The Tie That Binds

“Hurry up, goddamn it. Run.”


Lyman turned and ran stumbling across the wheat stubble to get the car. He fell down, jumped up again, and ran on. Edith and my father stood with Roy Goodnough beside the header. His hands and arms were twitching uncontrollably now, dripping blood all the time. He held them out in front of him. His face was bloody from the wound above his eyes, and there was more blood running down the back of his neck.

“I told you,” he said. “I already told you so.”

“He’s going to die,” Edith said.

“No, he isn’t. Not yet.”

“I’m afraid he’s going to die, though.”

“Stay with him. I’ll look if I can find any of his fingers. Jesus Christ Almighty.”

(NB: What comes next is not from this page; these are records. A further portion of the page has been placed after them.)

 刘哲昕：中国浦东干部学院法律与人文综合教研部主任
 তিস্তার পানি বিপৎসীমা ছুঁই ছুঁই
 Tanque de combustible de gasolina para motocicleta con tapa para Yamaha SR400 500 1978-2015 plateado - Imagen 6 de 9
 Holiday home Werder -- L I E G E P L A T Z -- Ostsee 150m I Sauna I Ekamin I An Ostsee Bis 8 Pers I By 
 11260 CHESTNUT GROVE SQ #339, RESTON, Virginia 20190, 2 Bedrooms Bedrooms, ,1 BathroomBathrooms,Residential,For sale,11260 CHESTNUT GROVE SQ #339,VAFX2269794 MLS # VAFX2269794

“Give them to me. They’re mine. They ain’t yours.”

“Yes, Daddy. Hush now.”

“I want them.”

“Yes, I know.”

“They’re mine, I told you.”

“Oh, please be quiet. Please, Daddy.”

“They ain’t yours. They’re mine.”

JOHN ROSCOE found two of the fingers and one of the thumbs. The thumb was still stuck in the section blades. The two fingers he found in the sand and stubble behind the header, but he couldn’t find any more. Edith held them in her lap on the way to town, sitting in the back seat of the old Model T Ford behind her father. They looked like thick bloody sausages in the handkerchief on her lap, except that they had black hair on them between what would have been knuckles and they had fingernails on the ends. There was still dirt under the nails. Edith brushed the sand and wheat chaff off them: the fingers were very stiff. Roy sat in front of her with his head fallen on his chest. He was mumbling to himself, and his bloody hands dripped blood steadily onto the floorboards of the car.

“I’m afraid he’s going to bleed to death,” Edith said.

“I don’t know,” John Roscoe said. “He’s getting weak.”

“Daddy,” Edith said. “Daddy, can you hear me?”

“I told you,” Roy was saying. “I told you, didn’t I? I told you.”

“God in heaven,” Edith said. “At least he’s still alive.” “Yes. We’ll be there soon.”

Lyman sat beside his sister, staring forward at the back of his father’s head, without saying a word. They drove as fast as they could in the Ford on the dirt road going north to town.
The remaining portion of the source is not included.